No-action relief. The latest no-action letter (16-64) extends relief from certain transaction-level requirements with respect to activities addressed in a Division of Swap Dealer and Intermediary Oversight (DSIO) advisory issued November 14, 2013.
The advisory was issued in response to inquiries from swap market participants regarding the applicability of the Commission’s Transaction-Level requirements with respect to swaps between a non-U.S. swap dealer (SD) and a non-U.S. person if the swap was arranged, negotiated, or executed by personnel or agents of the non-U.S. SD located in the United States.
In its latest letter, the staff indicated that the relief was extended until the earlier of September 30, 2017 or the effective date of any CFTC action with respect to matters addressed by the DSIO advisory.

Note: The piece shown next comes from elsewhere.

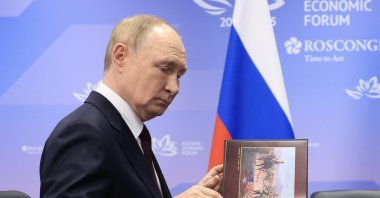 Russian President Vladimir Putin meets with Primorye Territory Governor Oleg Kozhemyako on the sidelines of the 2025 Eastern Economic Forum (EEF), Vladivostok, Russia, Sept. 5, 2025. (EPA Photo)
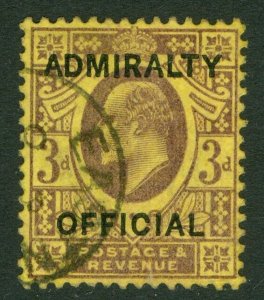 SG O105 3d Admiralty official 3d purple/yellow. Very fine used CAT £160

Chairman’s statement. CFTC Chairman Timothy Massad said in a statement that he supported the actions taken by the Commission. Massad said that the remand response and the no-action extension were part of an overall effort to address the cross-border implications of swap activity, while at the same time harmonizing derivatives regulation with other jurisdictions as much as possible.
"Our first responsibility is to implement our nation’s laws faithfully, which requires us to address the cross-border implications of swap activity. A strong global regulatory framework is the best way to do so, and that is why harmonization is so important," Massad said. "To focus on the fact that full harmonization has not been reached, or that progress sometimes occurs in fits and starts, I believe misses the forest for the trees," Massad said.
Commissioner’s statement. On the other hand, CFTC Commissioner J. Christopher Giancarlo issued a statement in which he dissented from the CFTC’s final response in the SIFMA litigation. Acknowledging that the CFTC had addressed the court’s inquiry whether the costs and benefits identified in the remanded rulemakings apply to swaps activities outside of the United States, Giancarlo said that nevertheless, the Commission has "repeatedly failed to coordinate effectively with foreign regulators to implement global standards in financial markets as agreed to by the G-20 leaders in Pittsburgh in 2009. The result for financial markets has been a complex, conflicting and costly array of CFTC cross-border regulations," he said.
"The CFTC must do better work with foreign regulators to implement global standards consistently in a way that ensures a level playing field and avoids market fragmentation, protectionism and regulatory arbitrage," Giancarlo said in the statement.